Stored dataset items:
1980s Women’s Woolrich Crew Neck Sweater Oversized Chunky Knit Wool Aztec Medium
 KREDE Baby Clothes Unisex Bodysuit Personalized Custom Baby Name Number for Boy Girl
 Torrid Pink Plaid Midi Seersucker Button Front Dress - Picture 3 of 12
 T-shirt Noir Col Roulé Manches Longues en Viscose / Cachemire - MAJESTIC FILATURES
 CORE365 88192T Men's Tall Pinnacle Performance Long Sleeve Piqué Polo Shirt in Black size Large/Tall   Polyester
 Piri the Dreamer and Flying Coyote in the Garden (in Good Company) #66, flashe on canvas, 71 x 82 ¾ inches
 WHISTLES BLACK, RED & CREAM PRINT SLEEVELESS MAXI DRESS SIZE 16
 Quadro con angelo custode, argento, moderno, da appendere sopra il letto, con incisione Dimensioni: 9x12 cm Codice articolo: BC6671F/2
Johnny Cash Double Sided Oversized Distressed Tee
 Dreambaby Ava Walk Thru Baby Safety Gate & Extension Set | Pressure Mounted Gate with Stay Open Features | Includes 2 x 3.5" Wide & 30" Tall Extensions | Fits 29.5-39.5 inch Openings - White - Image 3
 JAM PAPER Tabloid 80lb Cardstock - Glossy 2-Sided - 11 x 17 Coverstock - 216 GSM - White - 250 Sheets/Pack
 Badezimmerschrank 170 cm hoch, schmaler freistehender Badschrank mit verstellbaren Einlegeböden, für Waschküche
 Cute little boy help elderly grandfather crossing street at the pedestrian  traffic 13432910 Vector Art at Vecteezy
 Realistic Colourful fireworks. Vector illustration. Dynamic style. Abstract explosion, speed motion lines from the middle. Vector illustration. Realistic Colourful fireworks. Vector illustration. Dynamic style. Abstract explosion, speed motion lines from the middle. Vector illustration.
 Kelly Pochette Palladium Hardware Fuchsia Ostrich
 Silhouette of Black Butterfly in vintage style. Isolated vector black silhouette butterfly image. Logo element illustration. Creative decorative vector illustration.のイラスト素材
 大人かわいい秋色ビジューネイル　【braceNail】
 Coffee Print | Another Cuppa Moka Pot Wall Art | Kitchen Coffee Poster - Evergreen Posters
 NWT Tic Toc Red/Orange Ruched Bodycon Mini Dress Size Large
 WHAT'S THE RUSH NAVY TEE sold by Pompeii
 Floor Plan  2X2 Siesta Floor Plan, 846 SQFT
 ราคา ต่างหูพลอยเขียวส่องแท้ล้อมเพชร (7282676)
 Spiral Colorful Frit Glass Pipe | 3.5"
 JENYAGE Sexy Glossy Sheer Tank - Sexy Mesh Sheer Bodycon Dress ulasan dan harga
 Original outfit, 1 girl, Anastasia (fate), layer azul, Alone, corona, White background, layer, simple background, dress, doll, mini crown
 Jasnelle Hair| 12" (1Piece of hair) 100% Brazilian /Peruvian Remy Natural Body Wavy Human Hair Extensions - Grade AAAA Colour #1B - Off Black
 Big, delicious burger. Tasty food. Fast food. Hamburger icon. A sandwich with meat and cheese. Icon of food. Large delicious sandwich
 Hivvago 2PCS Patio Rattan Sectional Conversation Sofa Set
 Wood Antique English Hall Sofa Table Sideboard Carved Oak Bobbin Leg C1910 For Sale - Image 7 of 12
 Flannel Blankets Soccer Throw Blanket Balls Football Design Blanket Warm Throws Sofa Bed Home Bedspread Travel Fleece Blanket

What you are asked to do: Check each line above for the string "Large" and copy the ones that have it.

Solution to this problem:
 CORE365 88192T Men's Tall Pinnacle Performance Long Sleeve Piqué Polo Shirt in Black size Large/Tall   Polyester
 NWT Tic Toc Red/Orange Ruched Bodycon Mini Dress Size Large
 Big, delicious burger. Tasty food. Fast food. Hamburger icon. A sandwich with meat and cheese. Icon of food. Large delicious sandwich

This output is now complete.